Complete example

NightlordTW · NightlordTW · commit 2cce4ea342e5 · 2025-01-12T20:30:42.000+01:00
diff --git a/vignettes/sampleSize_parallel_2A1E.Rmd b/vignettes/sampleSize_parallel_2A1E.Rmd
@@ -26,7 +26,7 @@ doc.cache <- T #for cran; change to F
 
 
 ## Difference of Means Test
-This example, adapted from Example 1 in the PASS manual chapter titled *"Biosimilarity Tests for the Difference Between Means Using a Parallel Two-Group Design"*, illustrates the process of planning a clinical trial to assess biosimilarity. Specifically, the trial aims to compare blood pressure outcomes between two groups.

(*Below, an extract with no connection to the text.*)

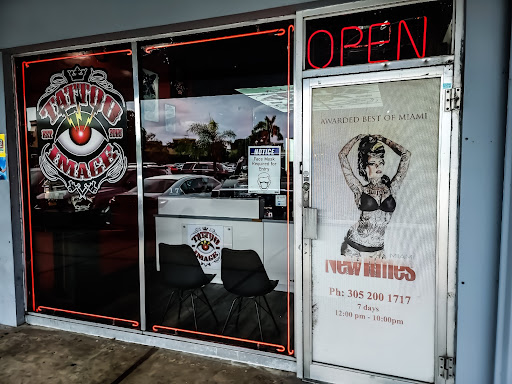 Tattoo Shop «Tattoo Image», reviews and photos, 1550 W 84th St #12, Hialeah, FL 33014, USA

+This example, adapted from Example 1 in the PASS manual chapter titled [*"Biosimilarity Tests for the Difference Between Means Using a Parallel Two-Group Design"*](https://www.ncss.com/wp-content/themes/ncss/pdf/Procedures/PASS/Biosimilarity_Tests_for_the_Difference_Between_Means_using_a_Parallel_Two-Group_Design.pdf), illustrates the process of planning a clinical trial to assess biosimilarity. Specifically, the trial aims to compare blood pressure outcomes between two groups.
 
 ### Scenario
 Drug B is a well-established biologic drug used to control blood pressure. Its exclusive marketing license has expired, creating an opportunity for other companies to develop biosimilars. Drug A is a new competing drug being developed as a potential biosimilar to Drug B. The goal is to determine whether Drug A meets FDA biosimilarity requirements in terms of safety, purity, and therapeutic response when compared to Drug B.
@@ -36,9 +36,8 @@ The study follows a parallel-group design with the following key assumptions:
 
 * Reference Group (Drug B): The average blood pressure is 96 mmHg, with a within-group standard deviation of 18 mmHg.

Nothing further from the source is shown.